Behandelter Abschnitt Apg 2,22-36
Nun geht Petrus auf das Fundament ihrer Hoffnungen als Gottes auserwähltes Volk ein und legt die soeben vollendeten Tatsachen im Licht seines Wortes dar, hauptsächlich wie wir in den Psalm 16; 110 und132 sehen werden.
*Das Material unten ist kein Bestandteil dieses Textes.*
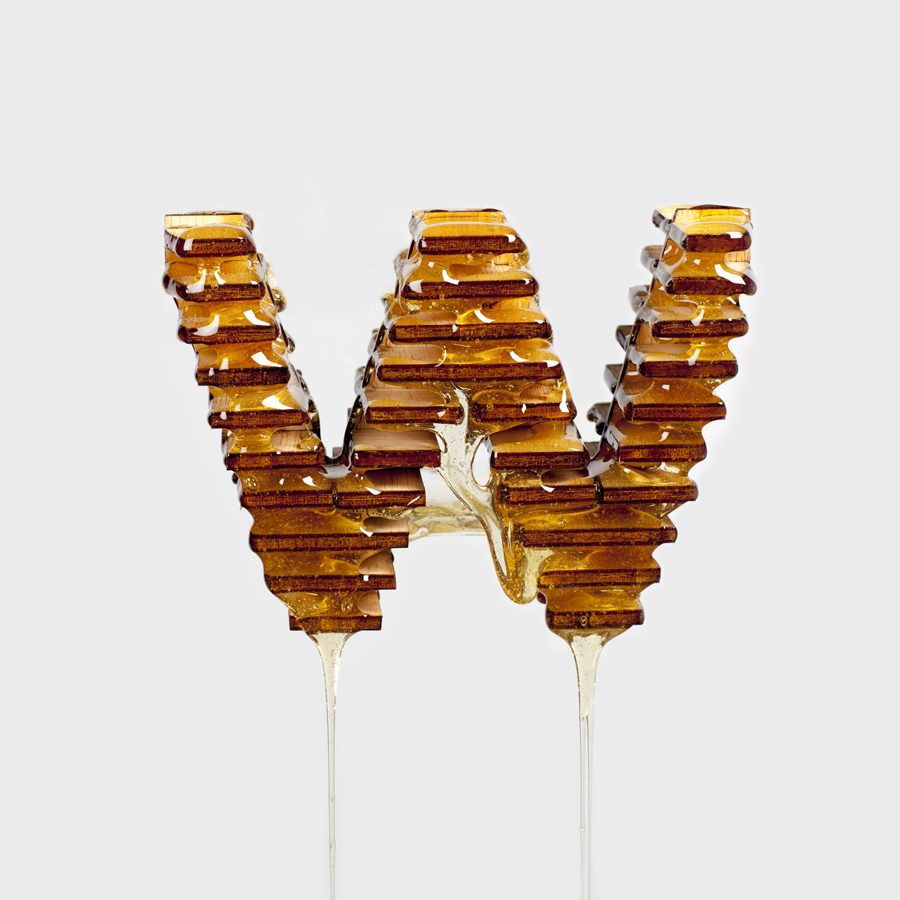 Gourmet Typography Made with Honey 23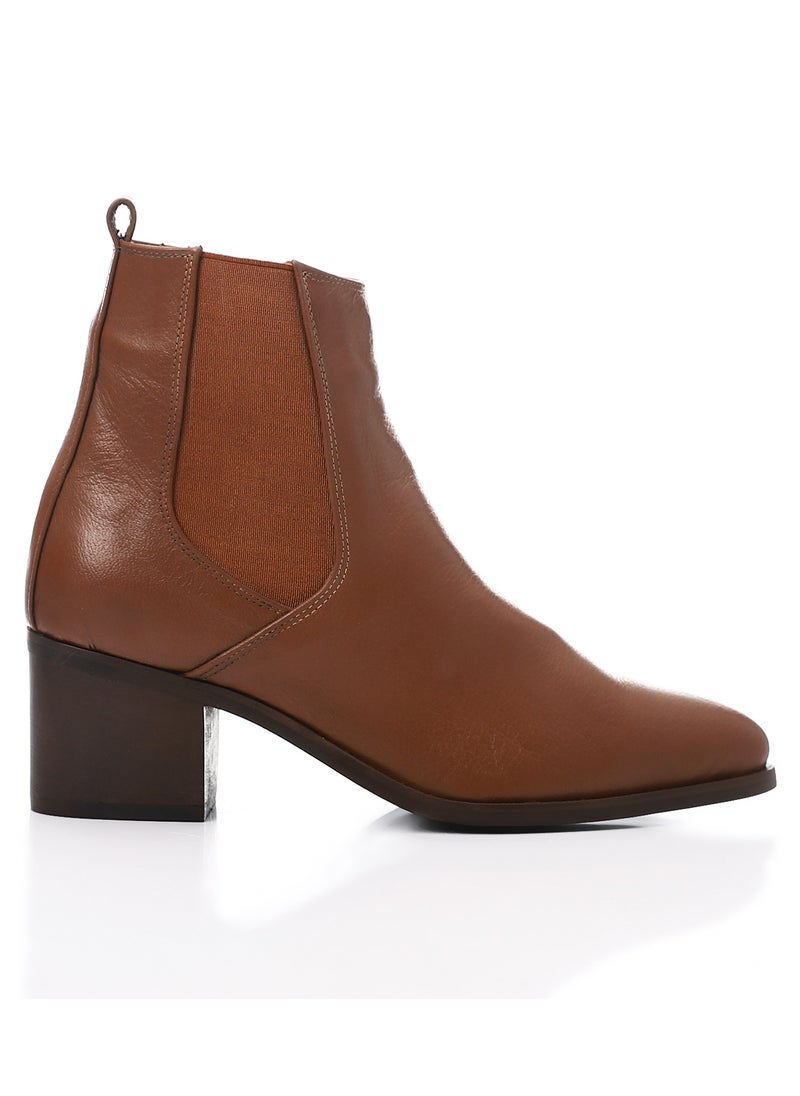 Mr.joe - Leather Tawny Havan Ankle Boot With Extension - Image 1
Männer von Israel, hört diese Worte: Jesus, den Nazaräer, einen Mann, von Gott vor euch bestätigt durch mächtige Taten und Wunder und Zeichen, die Gott durch ihn in eurer Mitte tat, wie ihr selbst wisst – diesen, hingegeben nach dem bestimmten Ratschluss und nach Vorkenntnis Gottes, habt ihr durch die Hand von Gesetzlosen an das Kreuz geschlagen und umgebracht. Den hat Gott auferweckt, nachdem er die Wehen des Todes aufgelöst hatte, wie es denn nicht möglich war, dass er von ihm festgehalten wurde. Denn David sagt über ihn: „Ich sah den Herrn allezeit vor mir; denn er ist zu meiner Rechten, damit ich nicht wanke. Darum freute sich mein Herz, und meine Zunge frohlockte; ja, auch mein Fleisch wird in Hoffnung ruhen; denn du wirst meine Seele nicht im Hades zurücklassen noch zugeben, dass dein Frommer Verwesung sehe. Du hast mir kundgetan Wege des Lebens; du wirst mich mit Freude erfüllen mit deinem Angesicht“ (2,22‒36).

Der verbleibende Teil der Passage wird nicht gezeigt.